Python is dynamically typed, which makes it easy to write but difficult to ensure data integrity when receiving input from external sources (like APIs or configuration files). Traditional validation is often slow, verbose, and disconnected from Python's type hints. Pydantic solves this by providing a unified way to define data structures that are automatically validated and serialized with minimal overhead.

Core Concepts

  • CoreSchema: A dictionary-based definition of how data should be validated. It describes types, constraints (like ge=18), and structure (like list or dict).
  • SchemaValidator: The heavy-lifter. It takes a CoreSchema and compiles it into a highly optimized validator (implemented in Rust) that can process Python objects or raw JSON.
  • SchemaSerializer: The counterpart to the validator. It takes a CoreSchema and provides methods to convert Python objects back into JSON or plain Python dictionaries.
  • Strict vs. Lax Mode: Pydantic can either strictly enforce types (e.g., "no strings allowed for integers") or attempt to "coerce" data into the correct type (e.g., converting the string "123" to the integer 123).

How it Works

  1. Schema Definition: You define a CoreSchema using helper functions from pydantic_core.core_schema.
  2. Compilation: You pass this schema to SchemaValidator. Behind the scenes, the Rust engine builds a tree of validators.
  3. Validation: You call validate_python() or validate_json(). The engine traverses the input data, applying the validation logic at each node.
  4. Result: If successful, you get back a "cleaned" Python object. If it fails, a ValidationError is raised with a detailed list of what went wrong and where.

Use Cases

Validating a Simple Dictionary

Use pydantic-core to validate structured data with high performance.

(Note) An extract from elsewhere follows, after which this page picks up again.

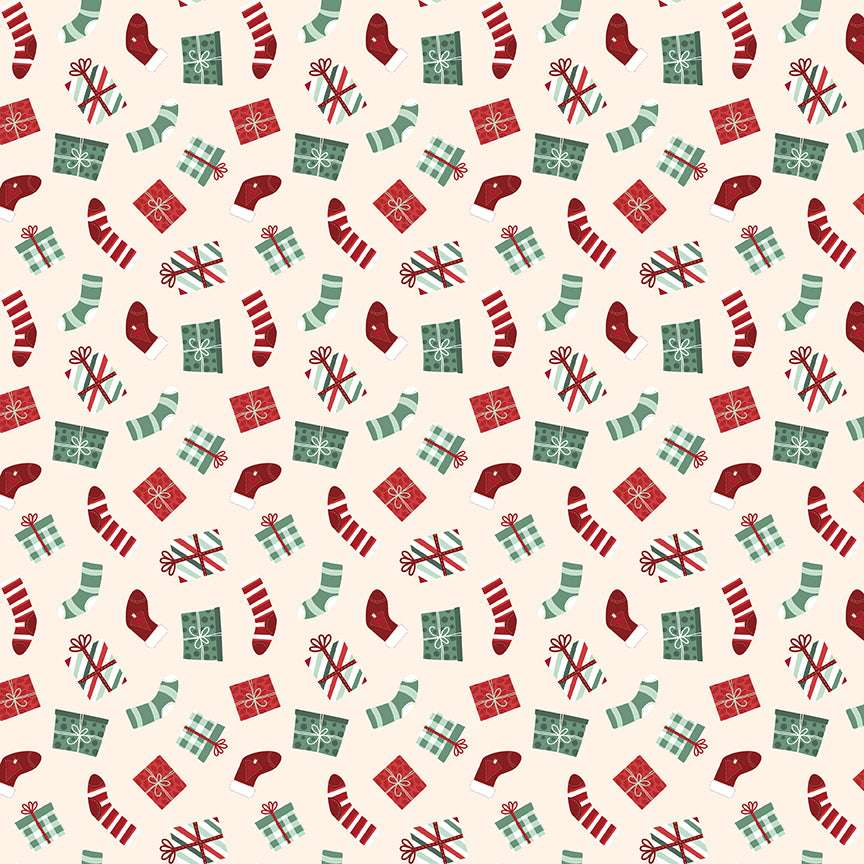 evergreen-wishes-by-riley-blake- C17812-CREAM is Available at International Textiles Ltd in Canada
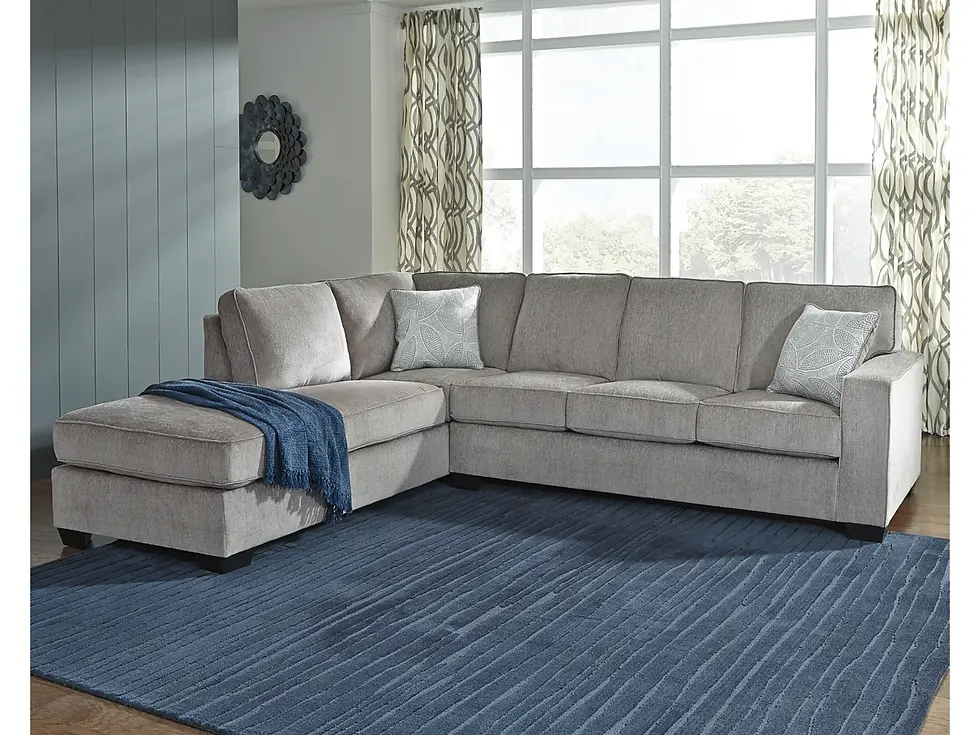 Altari 2-Piece Sectional with Chaise - Text Us to Order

from pydantic_core import SchemaValidator, core_schema

# Define a schema for a user
schema = core_schema.typed_dict_schema({
'name': core_schema.typed_dict_field(core_schema.str_schema()),
'age': core_schema.typed_dict_field(core_schema.int_schema(ge=18)),
})

v = SchemaValidator(schema)

# Valid input
user = v.validate_python({'name': 'Alice', 'age': 30})
print(user) # {'name': 'Alice', 'age': 30}

Direct JSON Validation

Skip json.loads() and validate raw JSON bytes directly for maximum speed.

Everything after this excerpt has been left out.